Natural Wine – An introduction to organic and biodynamic wines made naturally von Isabelle Legeron
Isabell Legeron, französische Master of Wine ist die Frau, wenn es um die Promotion möglichst natürlich hergestellter Weine geht. Sie ist diejenige, die in London, und diesmal auch in Wien die RAW, den Salon für Naturweine organisiert hat. Sie gibt damit einer Bewegung Ausdruck, die in den letzten Jahren immer stärker geworden ist. Es ist die Bewegung der Produzenten und Verbraucher, die ein möglichst natürlich und nachhaltig erzeugtes Produkt namens Wein genießen wollen und dies vorzugsweise unkonventionell und ohne den sonst beim Wein üblichen Habitus. Das Buch Natural Wine ist das erste umfassende Kompedium über diese Szene, die sich für mich gleichermaßen aus großen Könnern und hoffnungsvollen Dilettanten zusammensetzt. Es gibt auf den Messen begeisternde Weine genauso wie mikrobiologisch gesehen höchst fragwürdige Weine. Das finde ich auch nicht weiter schlimm, auch wenn ich mir von ersteren mehr als von letzteren wünschen würde. Was vor allem passiert ist das Experiment, der Drang, Neues zu tun. Was hier ebenfalls passiert ist eine Veränderung in der Sensorik, eine Veränderung im Aromenspektrum und eine Veränderung dessen, was beim Wein für sauber oder unsauber gehalten wird. Das mitzuverfolgen, finde ich höchst spannend.

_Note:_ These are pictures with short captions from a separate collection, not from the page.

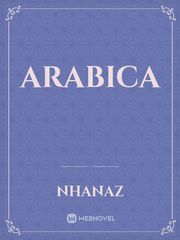 Arabica Book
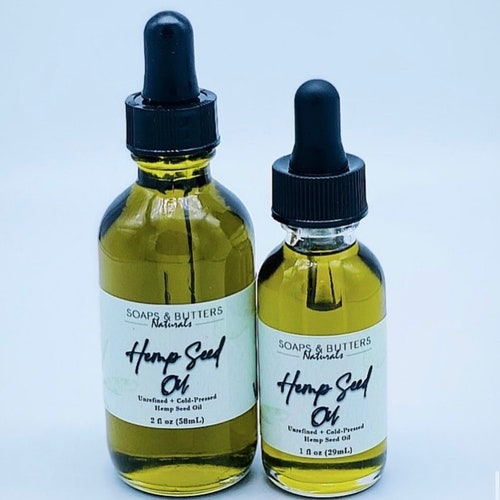 Rosehip Oil Cold Pressed Unrefined Pure & Organic Facial and - Etsy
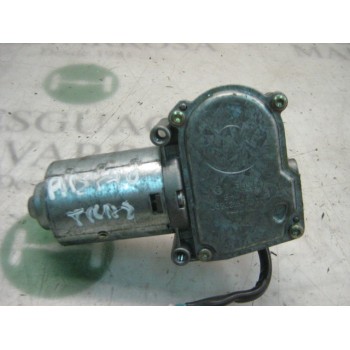 MOTOR LIMPIA TRASERO 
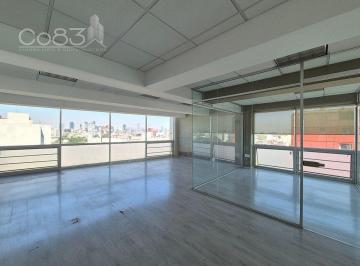 4d045ca2baa9f68d3c6e81e44f13559d687937f25fd012367149d586cd75f53f · Renta - Oficina - Baja California - 202 m² - Piso 7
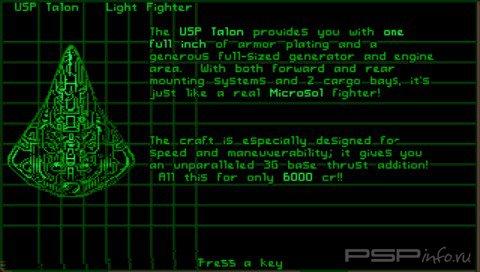 OpenTyrian 1.0 [HomeBrew]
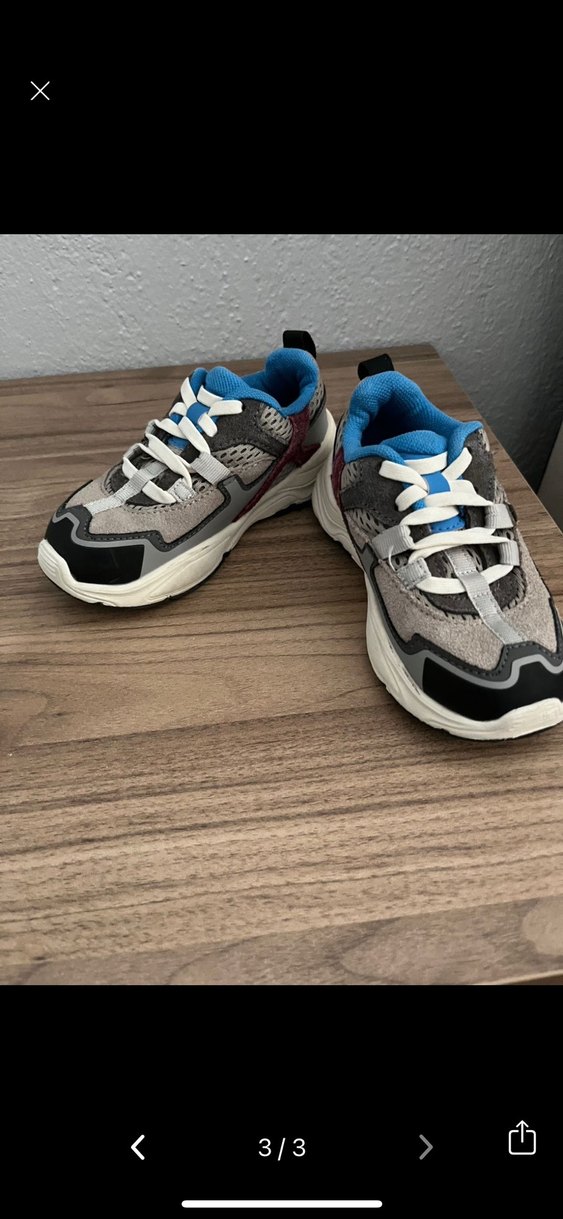 Zara marka yeni - Görsel 2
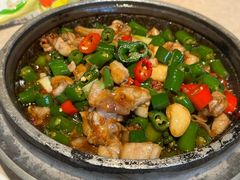 -荣小馆(临海世纪花城店)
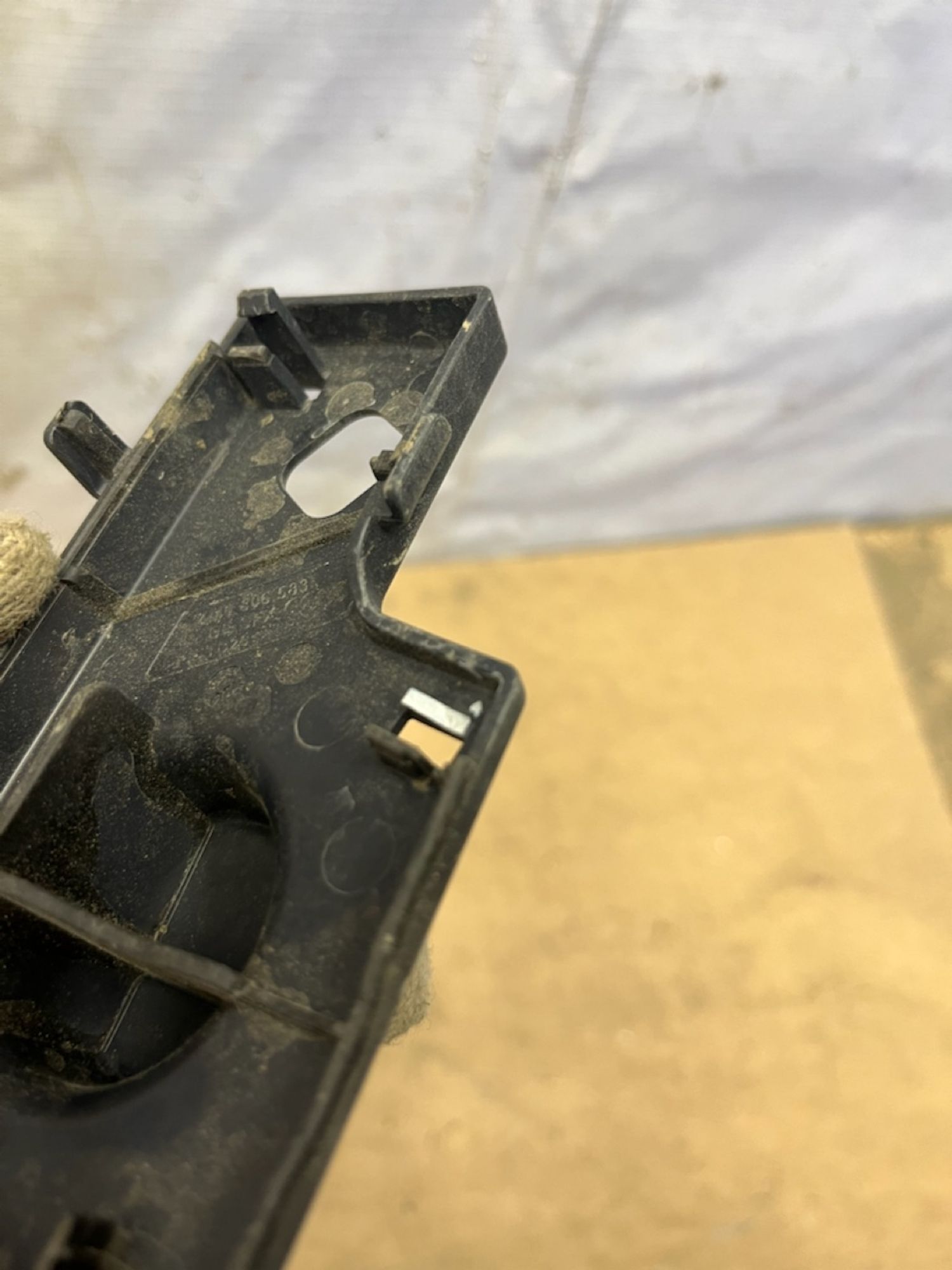 https://gcs.partsauto.market/rn-stockpro.appspot.com/thmbs/userImages/74b999aff9da8d5a09f9ff26dc196135/part/88385a0f-03b8-49c7-9132-913ac26592d3_1746189270263.jpg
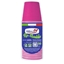 Immagine di DOPLA BICCH. RIUTILIZZABILI 230CC 30PZ FUCSIA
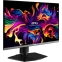 Монитор MSI 27" MPG 272URX QD-OLED - 9S6-3CD79A-068 - фото 3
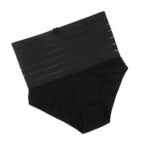 Sensual High Waisted Tummy Control Panties – 3 pack by My Secret Drawer® mysecretdrawer.com.au 79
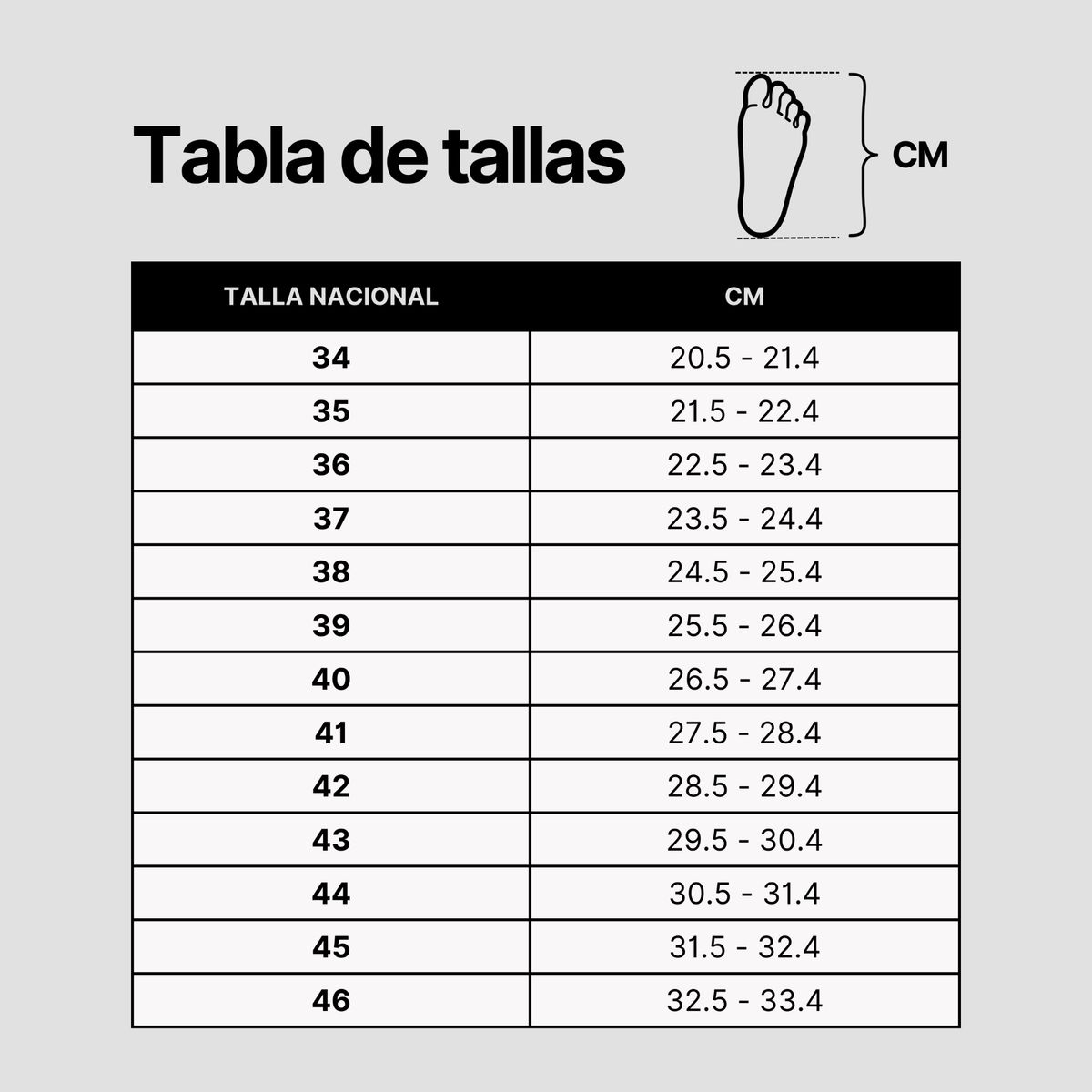 MOLECA - Alpargata Moleca Multicolor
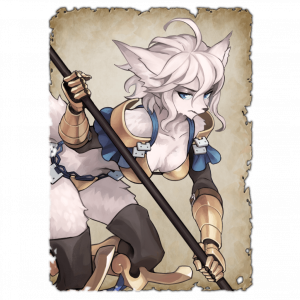 Charaimgdna0nvt Copy — Unicorn Overlord Girls Tierlist option 7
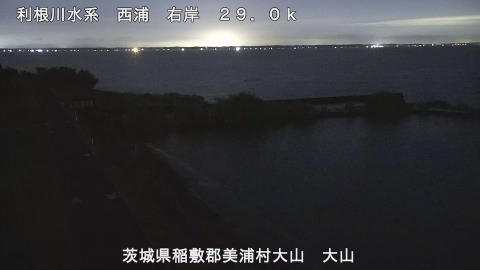 ooyama2025091422_image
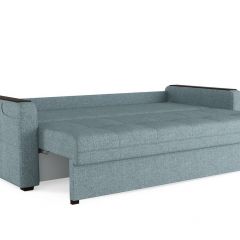 Диван-кровать "SMART" 3 СК (Sherlock 975) в Сургуте - surgut.mebel24.online | фото 5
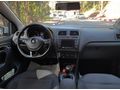  2017 MODEL TEMİZ POLO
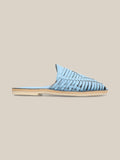 Lily Slip Ons – Women - US - Espiritu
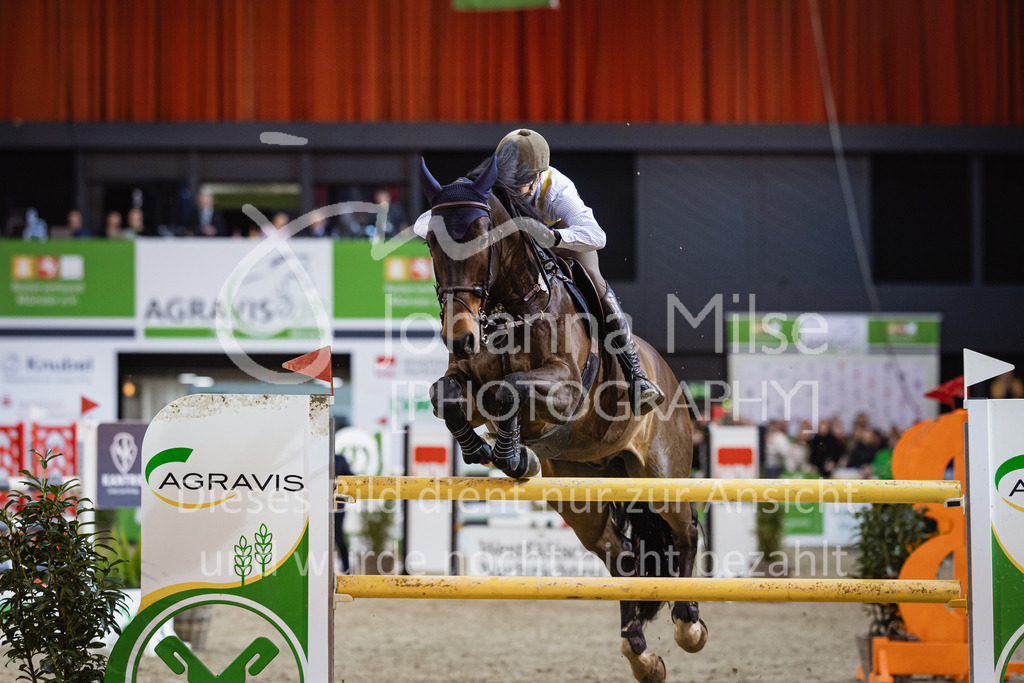 240113_Münster_Kostümspringen-371 | Deine schönsten Turniermomente als professionelle Fotos! Entdecke hochwertige Pferdesport-Fotografie im Online-Shop. Jetzt Fotos finden & bestellen!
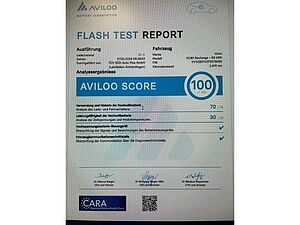 Volvo  XC 40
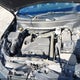 2GNAXUEV2K6277116 2019 Chevrolet Equinox Lt auction photo thumbnail 10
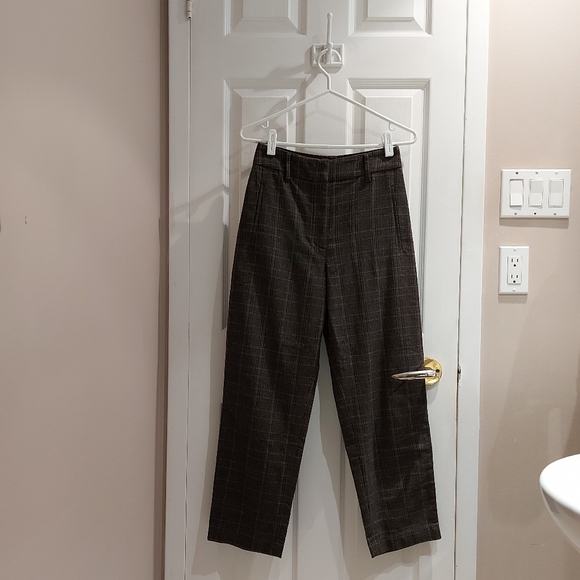 NWOT, Wilfred | Dress Pants - Picture 1 of 12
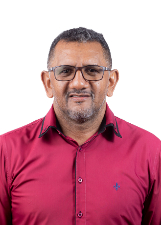 Foto de RAIMUNDO NONATO DA SILVA IRMÃO
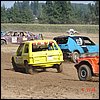 DSC00087.JPG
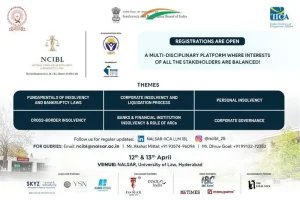 National Conclave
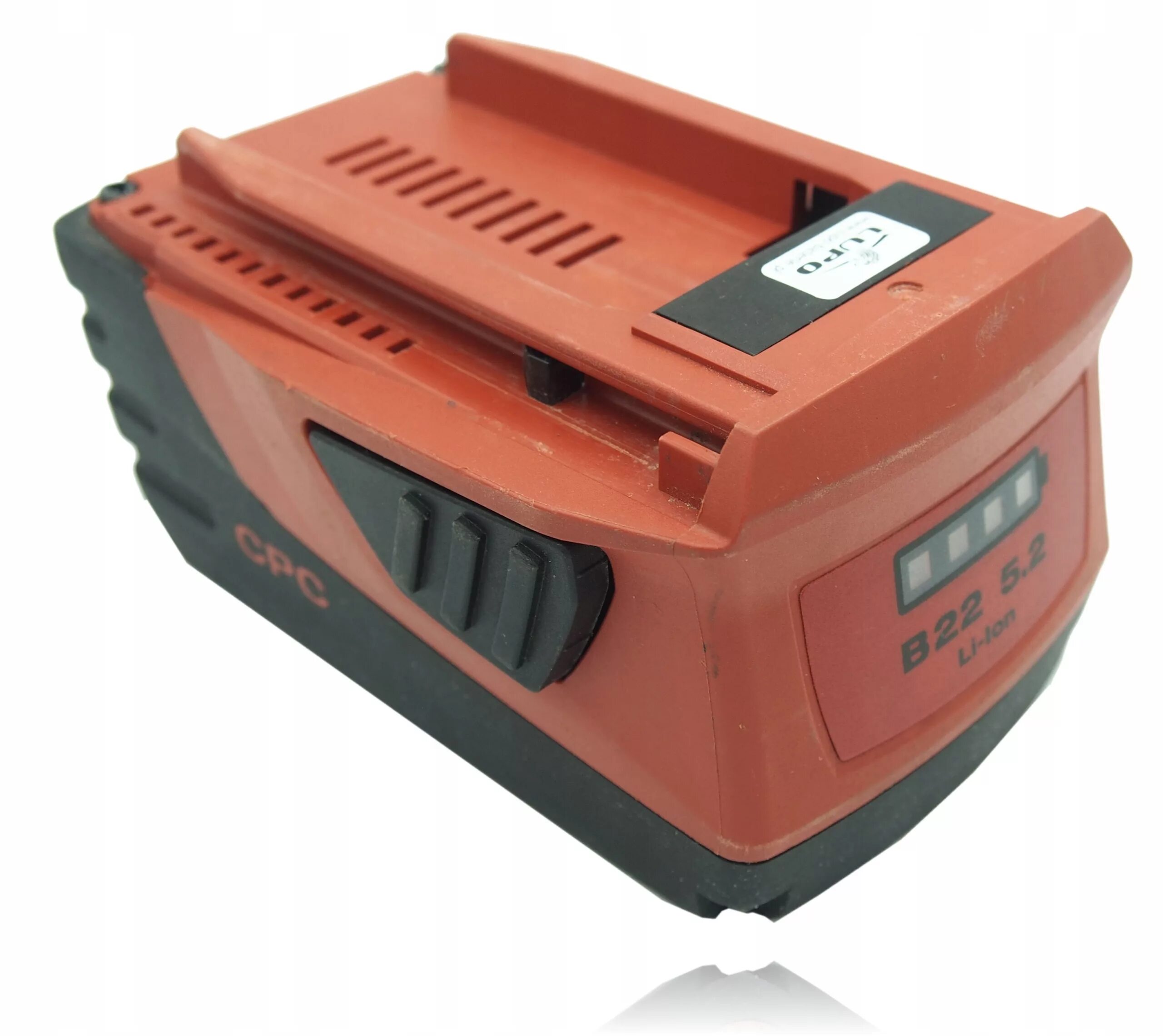 Hilti батарея b 22/3. 2. 2, hilti b22 5. Аккумулятор 22v 5,2ah hilti b22 5. Hilti cpc b14.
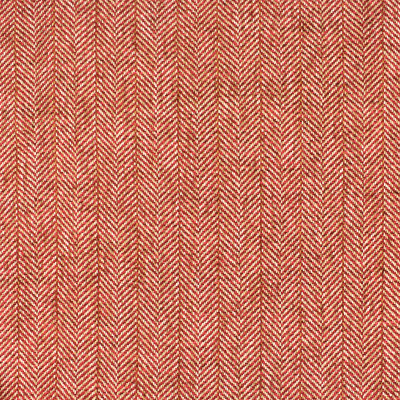 S2424 Crimson Fabric: S29, HERRINGBONE, TRADITIONAL HERRINGBONE, RED HERRINGBONE, CHENILLE HERRINGBONE, RED CHENILLE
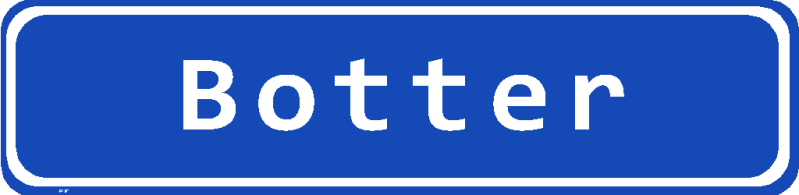 botter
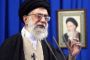 Réflexions à propos de la République islamique d'Iran - © Daniel Pipes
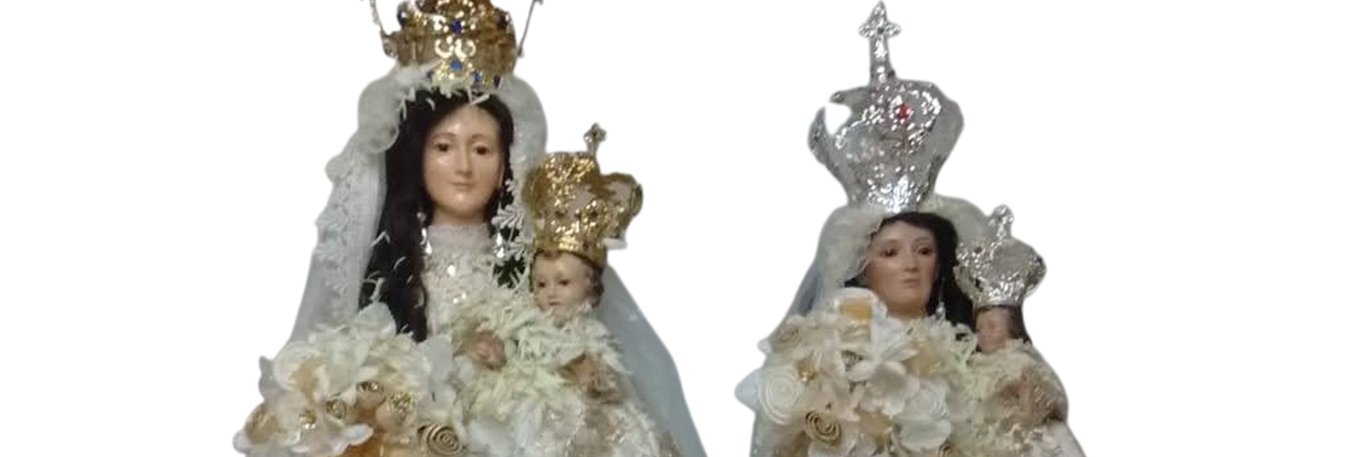 Pablo Ramírez banner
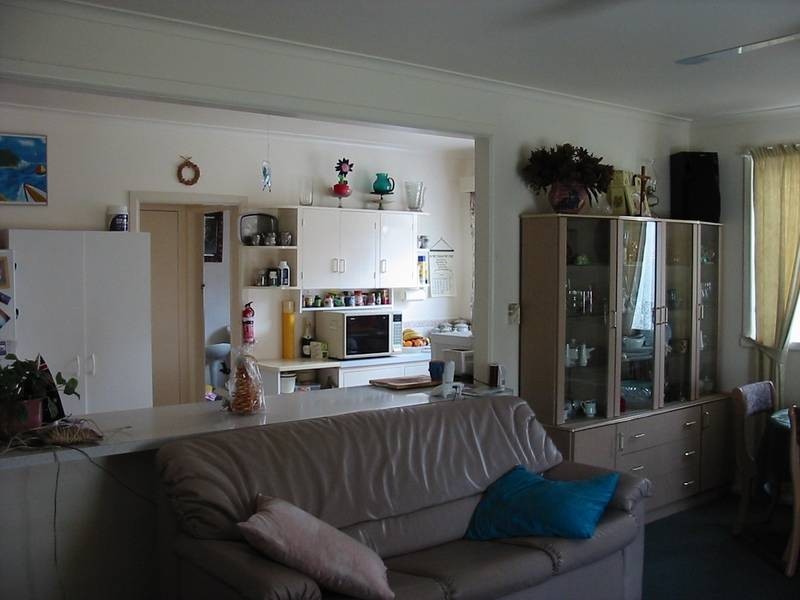 139 Rosebud Parade, Rosebud VIC 3939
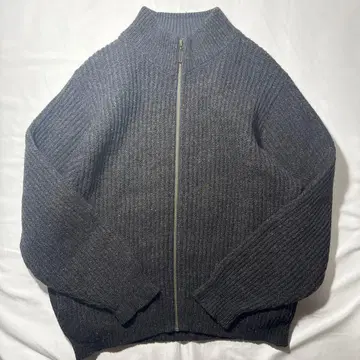 llbean 엘엘빈 드라이버 니트 usa제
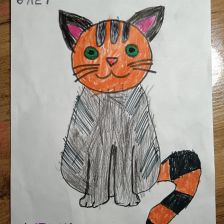 Глеб Витальевич Кривенченко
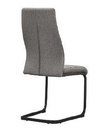 MOLVINO DINING CHAIR 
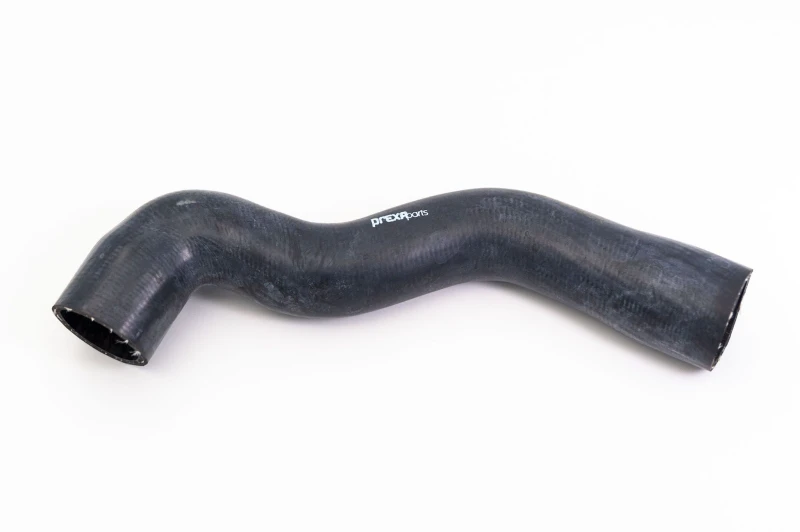 Image of PREXAparts Radiator hose PREXAparts P226219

Das Buch beschäftigt sich dabei mit der Frage, was denn natural wine überhaupt umfasst und wie er möglichst hergestellt werden soll. Darüber hinaus werden diverse Winzer und ihrer Weine vorgestellt. Es sind insgesamt 140 solcher Weine, die einer genaueren Betrachtung unterzogen werden und insofern ist es natürlich nur eine Auswahl. Doch um einen Überblick zu erhalten, ist das schon ganz gut. Man muss nur schauen, dass man in diesem Buch selbst nicht den Überblick verliert, denn es ist ziemlich furchtbar überambitioniert und unruhig gestaltet. Empfehlen möchte ich es trotzdem.
Erschienen ist es bei CICO books, umfasst 224 Seiten und kostet € 16,95
[…] Originalverkorkt Blog […]
Hallo Christoph,
ich stimme Deiner Einschätzung der Bücher von Dominé und Johnson/Robinson zu 100% zu. Wenn man nur ein Buch über Wein kaufen will, dann sollte es “Wein” von Dominé & den hervorragenden Co-Autoren sein. Wünscht man ein zweites, dann führt am Wein-Atlas kein Weg vorbei.
Aber bekanntlich machen die Weine, die wir so degustieren nicht blind und so geht der Trend unweigerlich zum Drittbuch…
Frohe Weihnachten nach Hamburg und Glückwunsch zum jetzt erst von mir bemerkten Relaunch!